In the culture of torture, different methods employed in different areas of the world have acquired their own descriptive abbreviations.

Third degree torture, which is illegal, is routinely used across the planet. Humans often find that extreme pain will induce incarcerated individuals to talk, but the quality of the evidence is questionable.

Then, there is misinformation; military personnel and militants tend to be trained to expect a level of interrogation upon capture, and to provide misinformation where possible.

I have seen interrogation rooms, they are generally windowless and bare, with an atmosphere reeking of the intensity of what takes place there. It is mainly those who have experienced torture who reveal anything about this side of conflict and warfare. I don't know anyone who has had third degree torture who has been able to recover fully, either physically, or mentally.

Monday, 23 February 2009

Pakistan Army Fights Back in the NWFP

A leading Pakistani military officer, Inspector General of Frontier Corps Major General Tariq Khan, led a press conference Monday 23rd February in which he announced that the army had gained control of one of the three key valleys leading to Afghanistan. Militants hold sway in this region, and managed to blow up an oil tanker Saturday 21st February that was heading for NATO forces in Afghanistan. At the press conference Khan denied reports that 80 American advisers are in Pakistan training military and paramilitary personnel.

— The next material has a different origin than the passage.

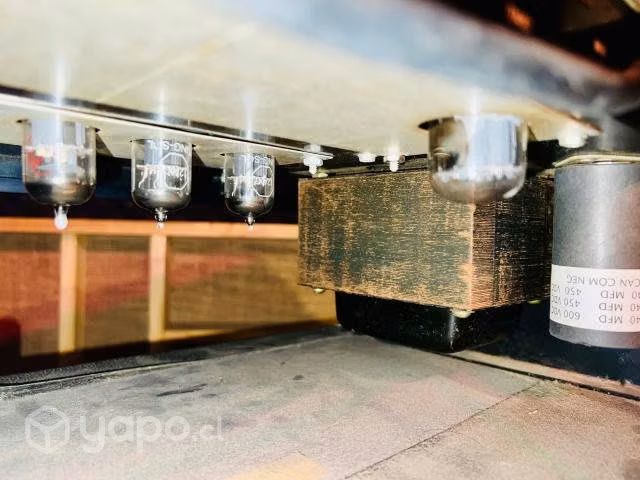 Ampeg v4-b 1970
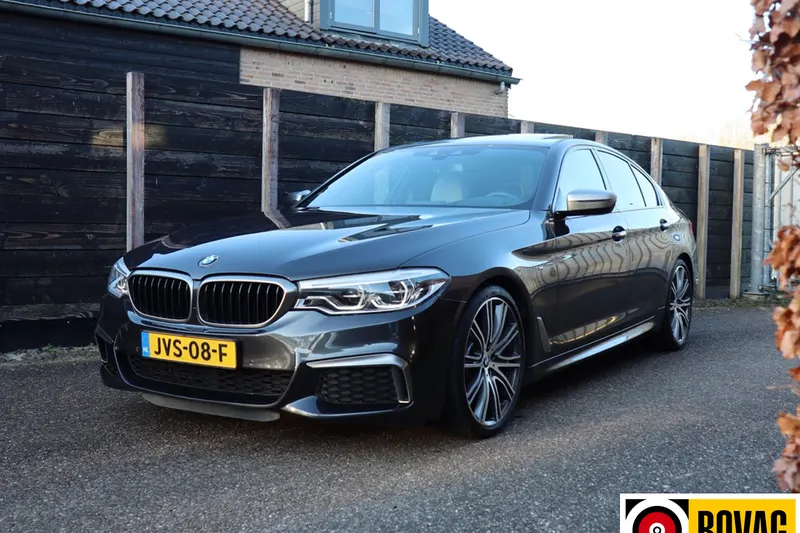 BMW 5-Serie (2018)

The routes through the Kyber pass and other valleys are vital supply routes for NATO allies which is why there are been a lot of US activity in the area, with drone strikes etc. NATO cannot afford to have these blocked. While Pakistan complains in public about its sovereignty being violated, there was a somewhat compromising incident recently when US Senator Diane Feinstein, Chair of the Senate Intelligence Committee, announced that US Predators 'are flown out of a Pakistani base'

And in the SWAT valley, the kidnapped government official I blogged about has been released - in return for two SWAT Talibanis.

Sunday, 22 February 2009

To Al Jazeera English Talking About Pakistan and the Taliban

Invited in to talk on the live Newshour programme last evening, Al Jazeera was headlining the story I blogged about 15th February, the 'ceasefire' in the once beautiful SWAT valley (eulogistically described here) in Pakistan.

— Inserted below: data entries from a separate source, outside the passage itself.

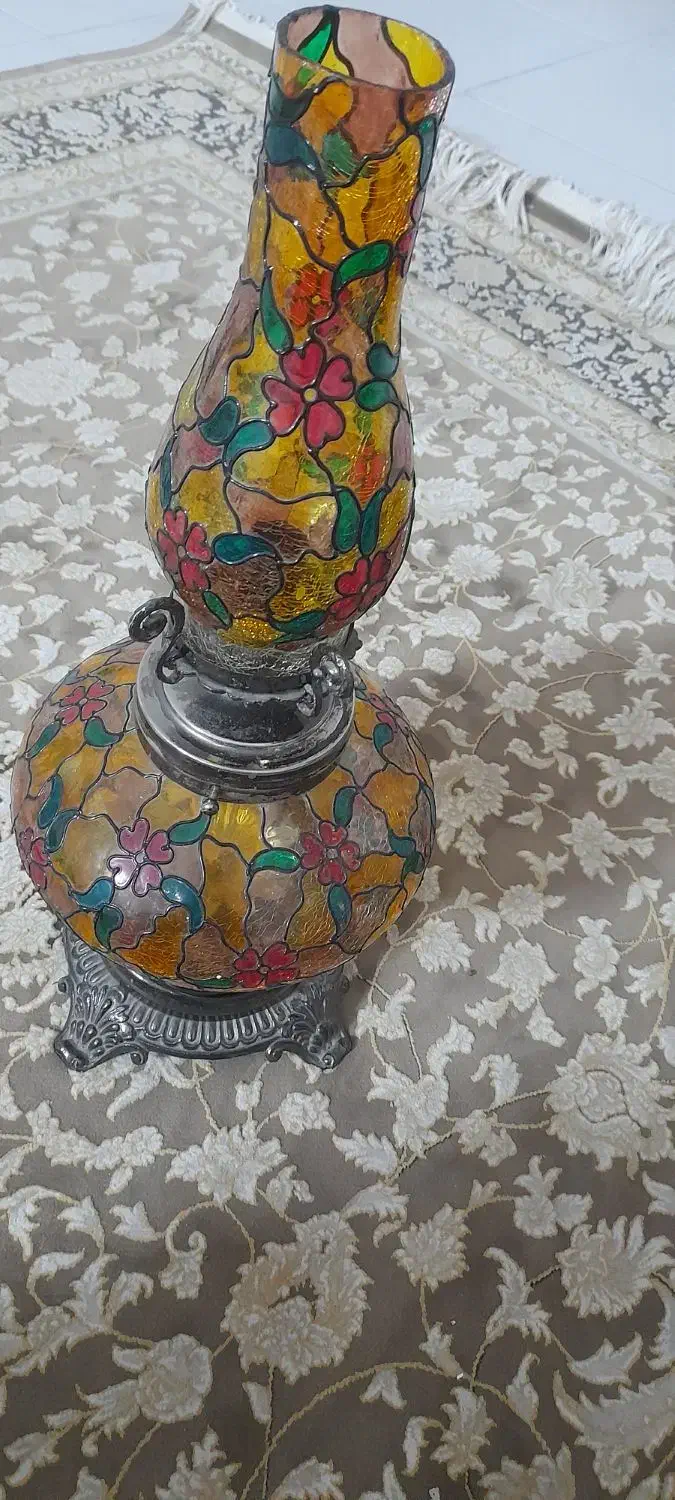 آباژور رو میزی|چراغ خواب و آباژور|شهریار, شهرک وائین|دیوار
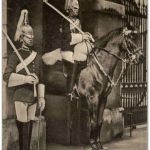 London - Life Guardsmen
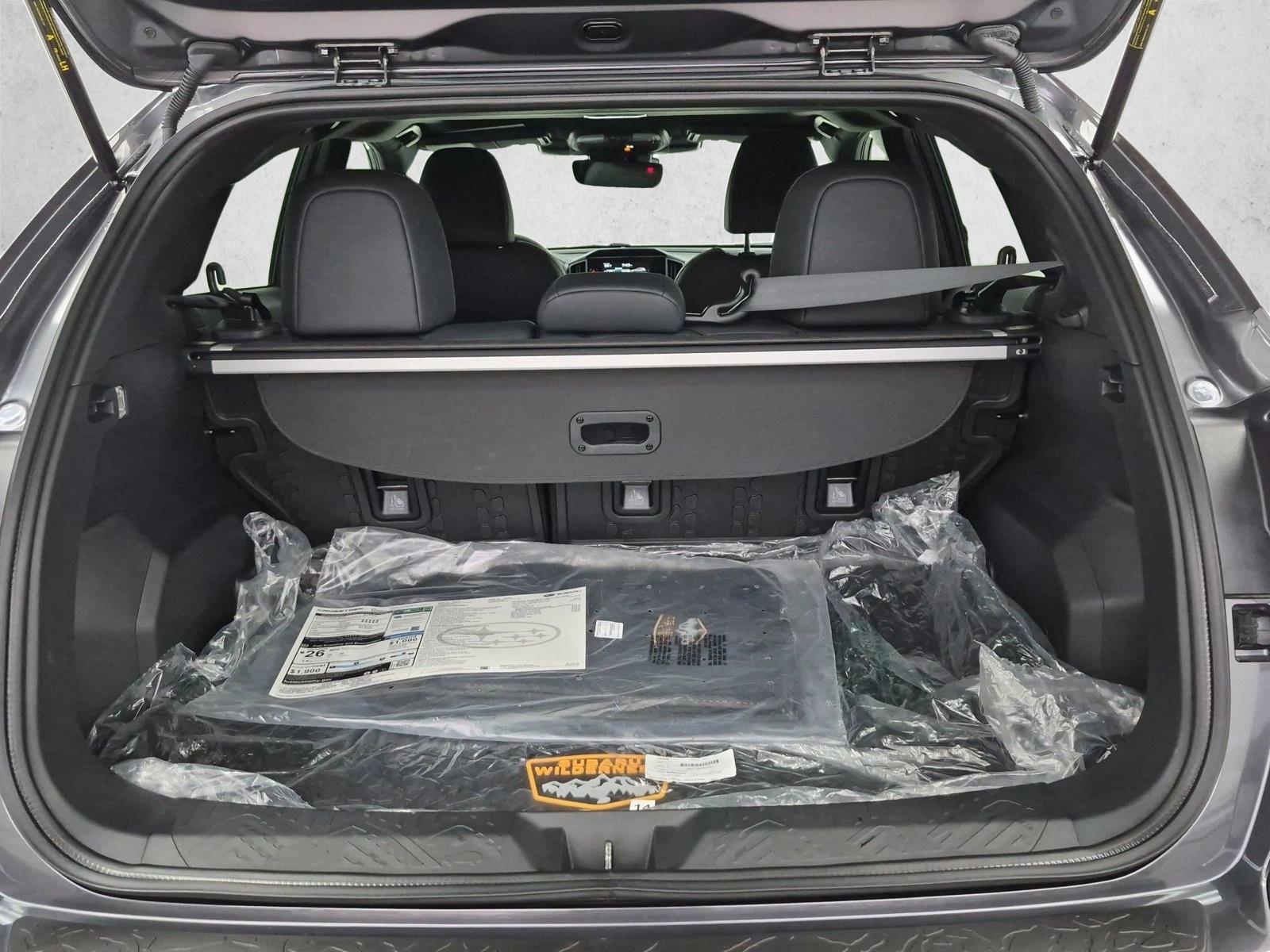 2026 Subaru Crosstrek Wilderness - Photo 6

With the UN's John Solecki kidnapped recently, around 200 girls' schools closed, 20 bridges blown up, journalists killed, 80 video stores closed, 22 barbers' shops shut down and approximately 1,200 killed in recent violence, it is not suprising that roughly 500,000 Pakistanis, a third of the population, have fled the valley. Officials and civilians fear to tread there now, and because of the violence, a million children have not received their anti-polio injections. The Tehrik -E-Taliban led by Maulana Fazlullah want Sharia or Islamic law introduced into the area, and the Government which historically has in any case had little control here may have no option but to capitulate.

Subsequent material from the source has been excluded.